Where is your bike column? Where is your transit advice column? Where is your walk-ability coverage? Sure, you touch on these issues elsewhere but these subjects have no dedicated column like “Wheels.” Perhaps it’s time to start treating cars the way you might treat cigarettes. NYT editors, would you have a weekly column devoted to reviewing cigarettes? One could easily imagine such a column. I’m sure some cigarettes taste better than others. You’d also have a lot of vape devices (the Teslas of smoking) to review. But I’m guessing you won’t debut a “Smokes” column in the near future.

Taking the cigarette analogy further, your hypothetical “Smokes” column would be wise not to blame smokers for their addiction. Just like those tobacco CEOs, there are real villains in the auto addiction story. While I bike and take public transit I live in a city (Los Angeles) that yoked its future to the automobile in the 1920s. Mostly out of fear for my safety, I’m forced to drive more than I would like by the way the city is designed. So I don’t buy the “we’re all at fault” argument. As Hannah Arendt said, “When all are guilty, no one is; confessions of collective guilt are the best possible safeguard against the discovery of culprits, and the very magnitude of the crime the best excuse for doing nothing.”

German diplomats awarding The Grand Cross of the German Eagle to Henry Ford, Detroit, 1938.

If we’re looking for who to blame we might begin with Henry Ford.
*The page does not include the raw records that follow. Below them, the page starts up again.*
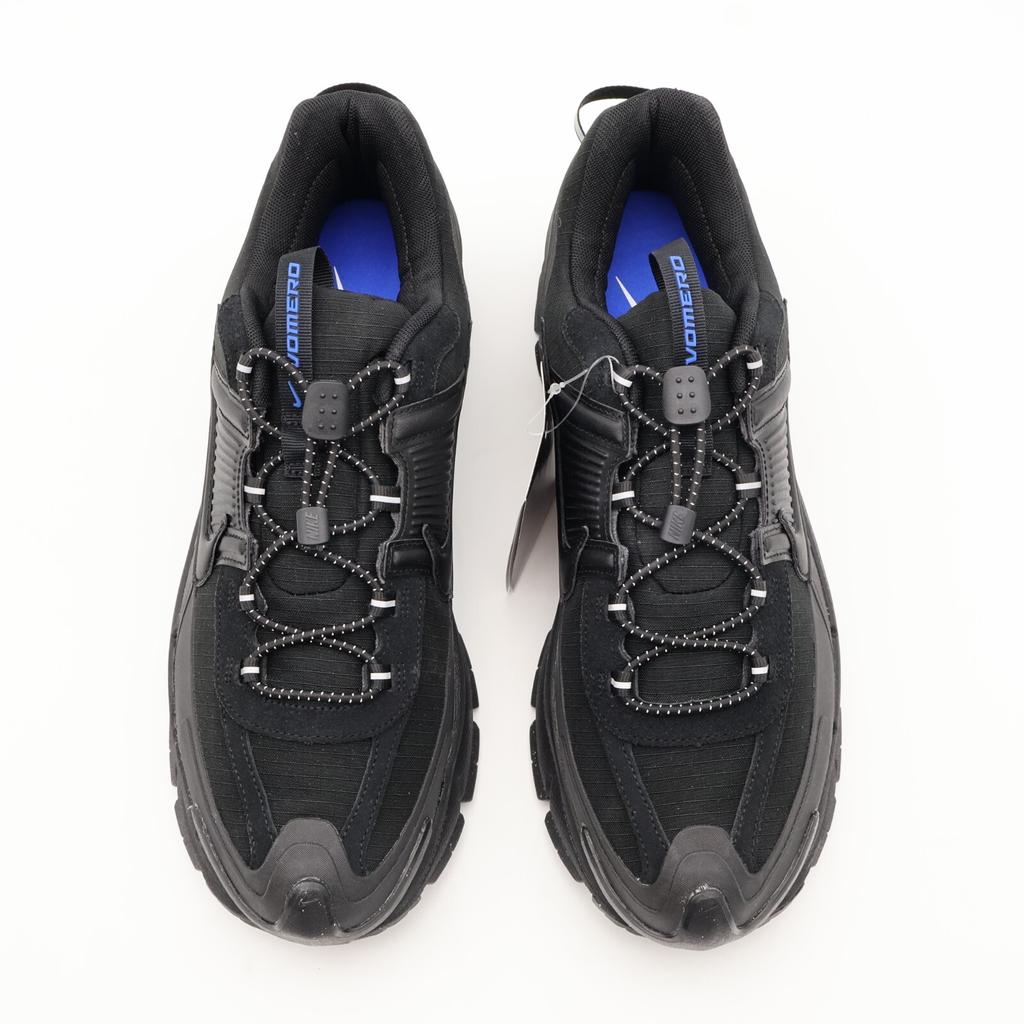FV2295-002 Nike Zoom Vomero Roam Black Racer Blue (Men's)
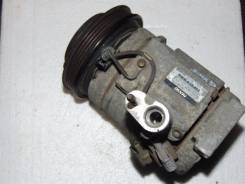 Компрессор кондиционера. Toyota Cresta, GX100, GX105 Toyota Chaser, GX100, GX105 Двигатель 1GFE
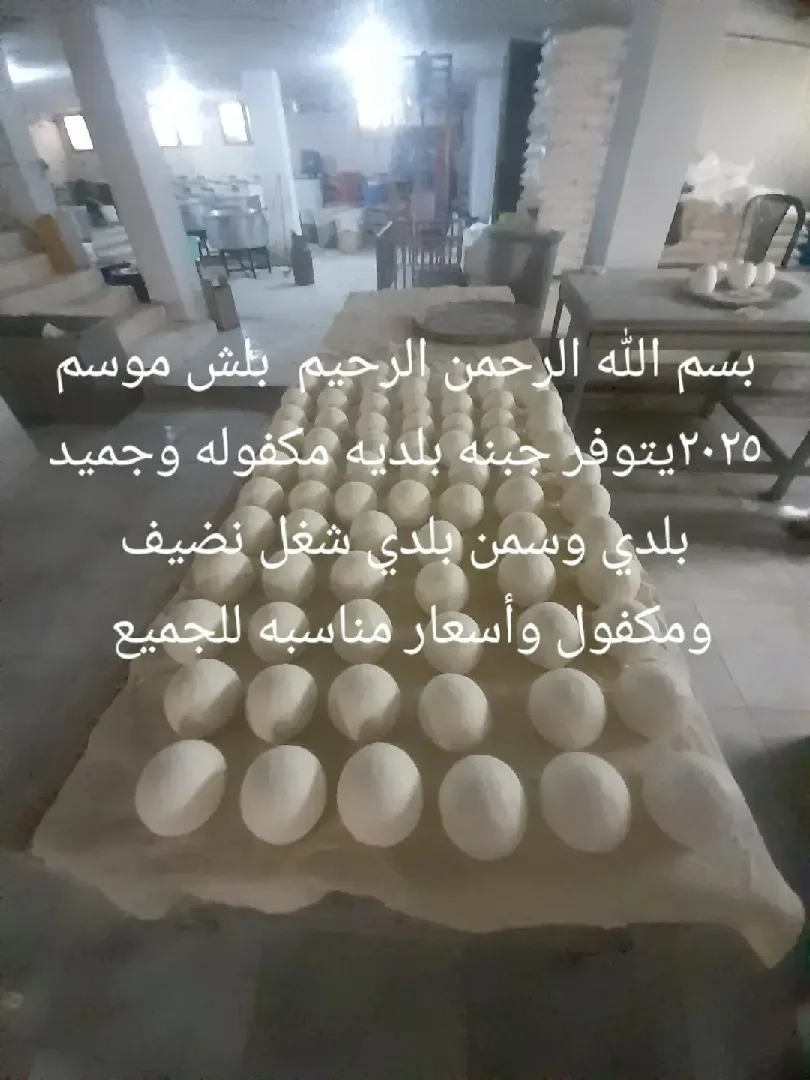 جميد كركي وسمن بلدي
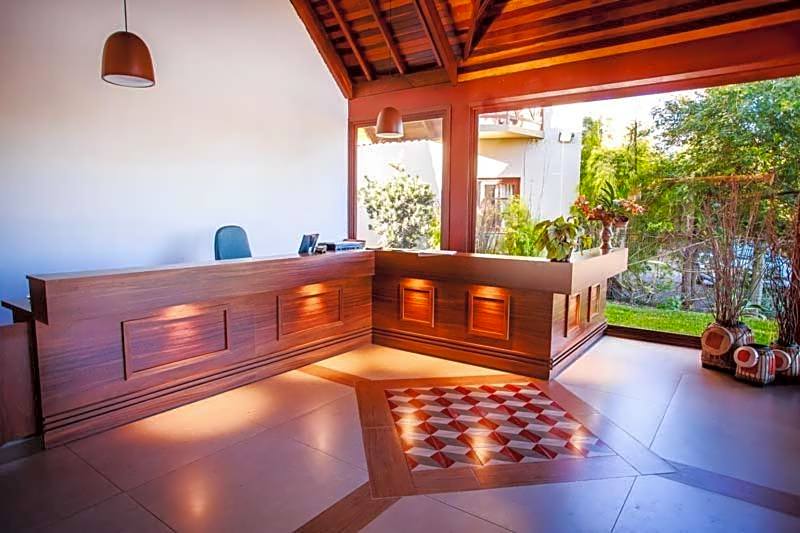 Hotel Village da Serra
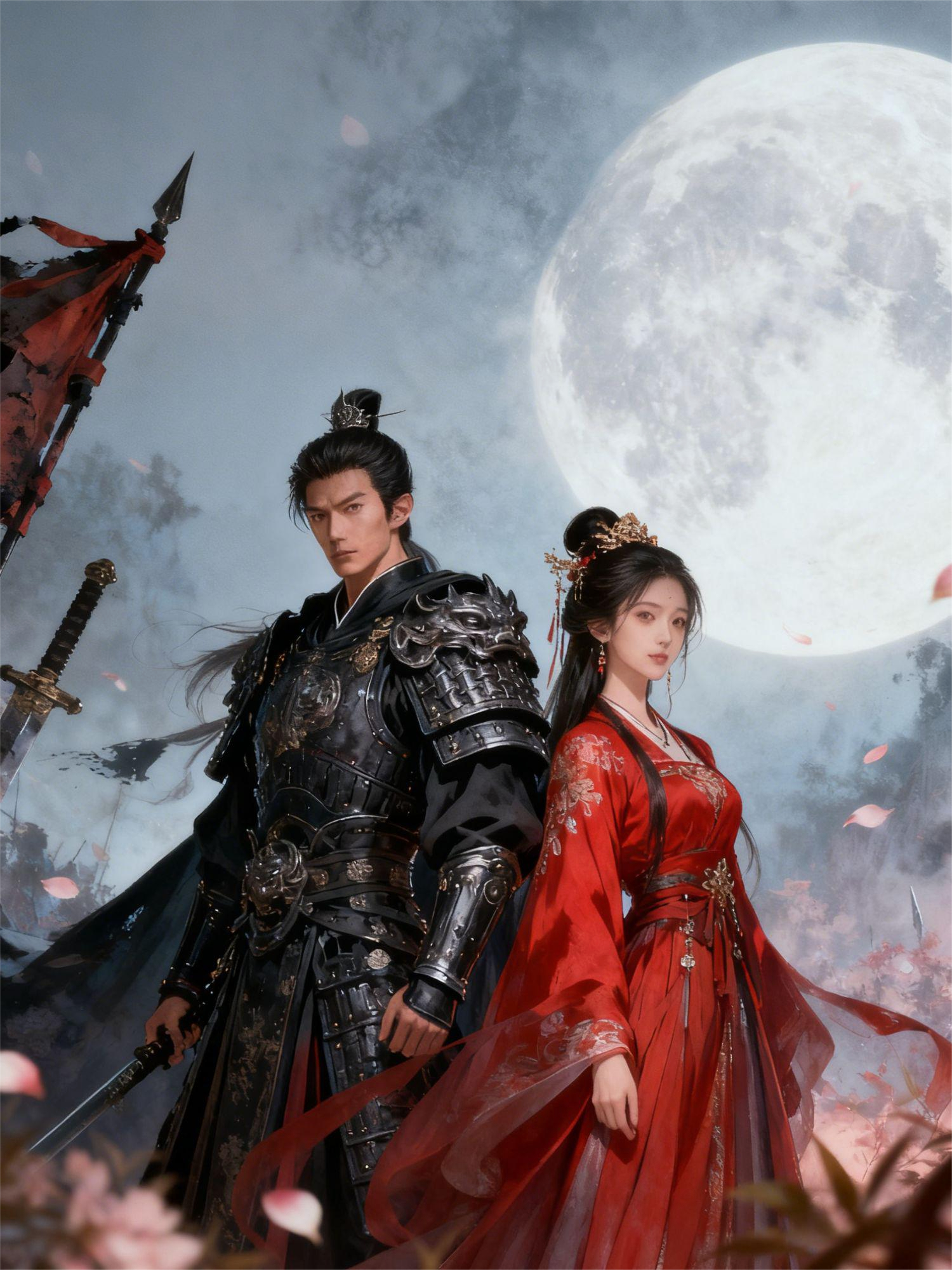 出现楚瑶萧策南楚的小说在哪里可以找到？-碧水书阁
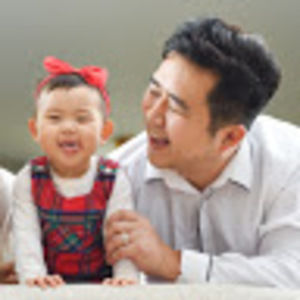 Meet your Posher, Charles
Adolf Hitler kept a framed portrait of Ford on his wall and mentions him by name in Mein Kampf, “Every year makes them [American Jews] more and more the controlling masters of the producers in a nation of one hundred and twenty millions . . . Only a single great man, Ford, to their fury still maintains full independence.” Ford returned the favor by publishing a virulently racist and anti-Semitic newspaper that, among other editorial atrocities, serialized a set of articles entitled “The International Jew.” And the Nazi leadership’s ideology was inspired by the worst aspects of Fordism: the alienation of workers and the suppression of unions and democracy.

Speaking of Nazis, you’ve spent the past week breathlessly covering the pre-auction and post auction-kerfufle of the first Porsche. If I were the editor I would have insisted on a paragraph detailing the fact that the Porsche company went on to use Polish slave labor during WWII. Those laborers had a “P” sewn on their uniforms and that “P” stood for “Poland” not Porsche. And would it be snarky to include a paragraph about the tackiness of today’s oligarchs bidding millions on a Nazi car?

I have a proposal. How about a livable cities column? We have a terrific writer here in LA who covers alternative transportation named Alissa Walker. You should hire her and put your auto columnists on a bike in LA to see how it feels. I have an extra bike and helmet . . .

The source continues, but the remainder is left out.